Run inference on a loaded model. Supports interactive chat, tool/function calling, thinking mode, FP8 quantization, and LoRA adapter loading.

Terminal window
pmetal infer \
--model <MODEL> \
[--prompt <PROMPT>] \
[OPTIONS]
Terminal window
# Simple generation
pmetal infer --model Qwen/Qwen3-0.6B --prompt "What is 2+2?"
# Interactive chat with LoRA
pmetal infer \
--model Qwen/Qwen3-0.6B \
--lora ./output/lora_weights.safetensors \
--chat --show-thinking
# FP8 quantized inference (2× memory reduction)
pmetal infer --model Qwen/Qwen3-4B --fp8 --chat
# With tool definitions
pmetal infer \
--model Qwen/Qwen3-0.6B \
--tools tools.json --chat
# ANE-optimized inference
pmetal infer --model Qwen/Qwen3-0.6B --ane-max-seq-len 2048
# JIT-compiled sampling
pmetal infer --model Qwen/Qwen3-0.6B --compiled --chat
ParameterDefaultDescription
--modelrequiredHuggingFace model ID or local path
--promptInput prompt (omit for stdin)
--loraPath to LoRA adapter weights
--temperaturemodel defaultSampling temperature
--top-kmodel defaultTop-k sampling
--top-pmodel defaultNucleus sampling
--min-pmodel defaultMin-p dynamic sampling
--max-tokens256Maximum generation length
--repetition-penalty1.0Repetition penalty
--frequency-penalty0.0Frequency penalty
--presence-penalty0.0Presence penalty
--chatfalseApply chat template
--show-thinkingfalseShow reasoning content
--fp8falseFP8 weights (~2× mem reduction)
--compiledfalseJIT-compiled sampling
--no-anefalseDisable ANE inference
--ane-max-seq-len1024Max ANE kernel sequence length
--toolsTool definitions file (OpenAI format)
--systemSystem message

With --chat, PMetal applies the model’s chat template and starts an interactive session:

> What is quantum entanglement?
Quantum entanglement is a phenomenon where two particles...
> Can you explain it more simply?
Think of it like two coins that always land on opposite sides...

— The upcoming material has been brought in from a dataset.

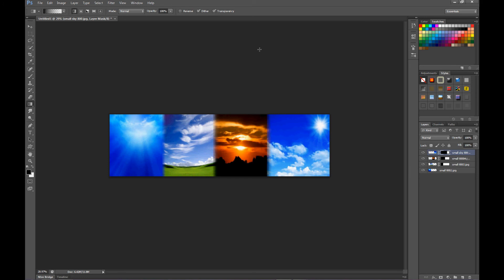So there you have it, blending multiple images. Hope you enjoyed this one, this is Chuck Terrace, till next time, have fun!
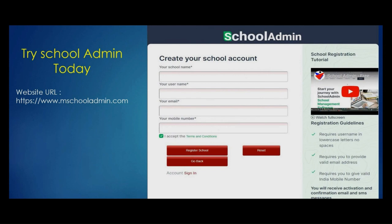Try School Admin today and experience the difference for yourself. With our responsive web application, customizable reports, and instant support, School Admin is the best school management software in India. Start your journey with School Admin today.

Pass OpenAI-format tool definitions with --tools:

[
{
"type": "function",
"function": {
"name": "get_weather",
"description": "Get current weather",
"parameters": {
"type": "object",
"properties": {
"location": { "type": "string" }
}
}
}
}
]

Supported for Qwen, Llama 3.1+, Mistral v3+, and DeepSeek models.